If you are in a place where it is Winter or it is cold and rainy, you can still do this exercise. Choose some ingredients and make a delicious stew.
I gave it a try and here’s what come of it…
Ingredients:
- 170 g of pasta (choose your favourite), cooked
- 60 g of raw spinach, roughly chopped
- 200 g of cooked black beans, drained
- 1 small ripe mango, cubbed
- About 5 strawberries, cubbed
- 125 g of peanuts
- Coriander to taste, finely chopped
For the dressing:
- 150 g of water
- 100 g of tahini
- 1.5 tbsp of mustard
- 1.5 tbsp og agave
- 2 tsp garlic paste (optional)
- 2 tsp of lemon juice
- 1/4 tsp of crackd black pepper
Preparation:
Start by boiling the pasta until it is al dente.
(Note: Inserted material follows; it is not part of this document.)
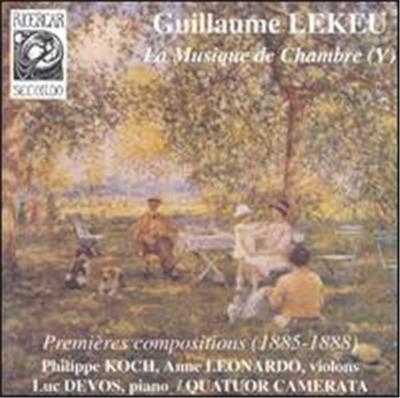 Guillaume Lekeu: La musique de chambre, Vol. 5 État correct reconditionné disponible sur Fnac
Once it is cooked to your liking, let it cool down completely. Add a drizzle of olive oil to the pasta to make it loose.
Meanwhile, chop and prepare all the ingredients.
For the dressing, add all ingredients to a blender and process until very smooth. If you don’t have a blender, add all ingredients to a jar, and shake it off until it is well combined.
Finally, combine all ingredients in a big bowl and generously dress it with the tahini sauce.
It is ready to be served. If you wish, you can top it with lemon juice for extra freshness.